School counselors now have a resource for taking this kind of therapy directly to those who bully (Enright, 2012). Rather than focus on the symptoms of aggression, disobedience to school expectations, or even the student’s own anger, the treatment shifts: Who hurt you? Is this person hurting and vulnerable and confused? Do you know what forgiveness is and is not? Would you be interested in trying to forgive the one who caused you so much pain? This kind of therapy can take up to 12 or more weeks, but that is the blink-of-an-eye relative to anger that can last for years.
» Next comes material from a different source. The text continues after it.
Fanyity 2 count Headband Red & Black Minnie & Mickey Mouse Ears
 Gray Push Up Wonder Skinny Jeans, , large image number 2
As the student’s pain subsides by seeing the inherent worth in the one who was cruel and by fostering compassion toward that person (not because of what was done but instead because of whom the other is as a person), so too does the anger within the one who bullies start to fade, and this takes away the incentive to bully.  The focus is not on the symptoms exclusively any more, nor is it on only creating school norms (which are all too easily ignored by those who bully when they are nurturing a rage inside).

To reduce bullying, we need to see the anger inside those who bully and have a plan to reduce it. Forgiveness therapy, as empirically shown, already has done its job. Now it is time to transport such therapy from the clinician’s office into the school setting for the good of those who bully and for the good of those who are the unwitting recipients of their pain.